I received an email on Sunday from someone on my blogroll. While I will keep their identity hidden to avoid potential embarassment, the message read:

YOU read MY blog? I’m surprised.

I could answer this in a snappy two line response, but it’s also an interesting question because it actually touches towards one of the weird internal issues of blogging. So I’m going to make a big deal out of what isn’t and subject you all to my babble once more.

First, the factual answer: yes, if you’re on my blogroll (the list of links to the right that just reads like a straightforward list of people), I read your blog. Even if you aren’t there, there’s a chance I’m still reading you. I’ve been an syndication addict for a few years now, and the primary benefit of digesting my friends’ pages in feed format lets me keep up with everyone equally. The other big benefit is that I no longer need to spend 8 hours a day surfing from web page to web page – I can now spend a mere 6 hours a day incessently checking my feed watcher and reading every last bit on my inbound feeds.

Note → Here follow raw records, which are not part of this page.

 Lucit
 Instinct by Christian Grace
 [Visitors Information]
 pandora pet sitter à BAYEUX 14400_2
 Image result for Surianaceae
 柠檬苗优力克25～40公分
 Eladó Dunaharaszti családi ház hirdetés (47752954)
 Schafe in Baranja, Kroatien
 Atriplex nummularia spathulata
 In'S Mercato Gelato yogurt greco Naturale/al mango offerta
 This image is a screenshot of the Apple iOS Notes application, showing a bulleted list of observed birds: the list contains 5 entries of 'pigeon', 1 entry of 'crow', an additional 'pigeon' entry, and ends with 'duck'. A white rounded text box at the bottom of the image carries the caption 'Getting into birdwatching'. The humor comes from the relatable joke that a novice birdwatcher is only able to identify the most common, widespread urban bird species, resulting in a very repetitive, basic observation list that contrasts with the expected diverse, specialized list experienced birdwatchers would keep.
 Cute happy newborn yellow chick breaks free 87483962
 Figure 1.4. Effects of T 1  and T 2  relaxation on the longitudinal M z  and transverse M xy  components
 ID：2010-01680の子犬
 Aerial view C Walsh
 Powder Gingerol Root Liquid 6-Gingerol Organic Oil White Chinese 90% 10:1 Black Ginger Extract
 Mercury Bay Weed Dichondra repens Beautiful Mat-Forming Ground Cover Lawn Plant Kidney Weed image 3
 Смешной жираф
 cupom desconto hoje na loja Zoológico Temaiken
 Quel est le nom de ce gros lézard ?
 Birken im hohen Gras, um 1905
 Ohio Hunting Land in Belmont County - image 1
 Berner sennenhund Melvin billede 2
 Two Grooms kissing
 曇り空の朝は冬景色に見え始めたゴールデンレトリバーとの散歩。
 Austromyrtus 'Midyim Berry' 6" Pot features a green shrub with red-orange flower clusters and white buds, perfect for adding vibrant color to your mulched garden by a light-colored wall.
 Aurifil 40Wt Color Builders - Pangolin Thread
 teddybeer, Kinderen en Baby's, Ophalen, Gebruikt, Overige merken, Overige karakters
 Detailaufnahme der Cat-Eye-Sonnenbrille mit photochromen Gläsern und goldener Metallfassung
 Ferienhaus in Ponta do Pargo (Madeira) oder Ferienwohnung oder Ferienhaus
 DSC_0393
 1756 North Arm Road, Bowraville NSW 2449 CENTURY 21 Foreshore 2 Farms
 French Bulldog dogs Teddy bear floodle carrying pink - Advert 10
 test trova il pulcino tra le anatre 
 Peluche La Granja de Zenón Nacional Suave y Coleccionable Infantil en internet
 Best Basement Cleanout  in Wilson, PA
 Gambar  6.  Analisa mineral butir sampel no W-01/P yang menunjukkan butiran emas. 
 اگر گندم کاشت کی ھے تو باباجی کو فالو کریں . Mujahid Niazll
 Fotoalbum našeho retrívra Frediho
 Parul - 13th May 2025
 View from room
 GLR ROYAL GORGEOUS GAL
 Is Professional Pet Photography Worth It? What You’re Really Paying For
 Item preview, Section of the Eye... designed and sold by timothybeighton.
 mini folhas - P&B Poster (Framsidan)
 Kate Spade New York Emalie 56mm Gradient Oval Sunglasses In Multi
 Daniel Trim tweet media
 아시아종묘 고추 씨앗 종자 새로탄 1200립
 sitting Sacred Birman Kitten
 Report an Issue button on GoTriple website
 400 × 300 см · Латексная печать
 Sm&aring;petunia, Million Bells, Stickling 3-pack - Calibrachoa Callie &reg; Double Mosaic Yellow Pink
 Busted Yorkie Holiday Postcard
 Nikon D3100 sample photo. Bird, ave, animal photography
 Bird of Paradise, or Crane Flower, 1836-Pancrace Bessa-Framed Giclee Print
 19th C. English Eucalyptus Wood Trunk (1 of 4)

But the larger questions here – who reads my blog? should they read my blog? and should I be surprised? – have always been those questions that tickle me in odd and often times inappropriate ways. This may in part largely be to the change in how blogs – or at the very least, mine – are treated.

For instance, I was at a birthday party earlier this month for a friend from Cornell I hadn’t seen since graduation and only get to talk to about twice a month. I was attempting to catch up with her at said party, and after one story, the response was “Oh yeah, I remember reading about that on your blog”. Needless to say, I was surprised. (And incidentally, hi, Amy!)

But why should this surprise me by this point? I’ve been blogging for four years now, and while the first two were largely unread (and long since destroyed between ISP moves and blog-software switches), I should now be used to the idea that most everyone in my life reads my blog. Friends, co-workers, VJ Army users, the Bemani communty, 8BOP, customers, maybe a few from the Mac gaming industry or #joiito, and a handful of random people I have a hard time attributing. Even my mom reads my blog – and has, at least once, admonished me for not blogging often enough to the point where she thought I might be dead.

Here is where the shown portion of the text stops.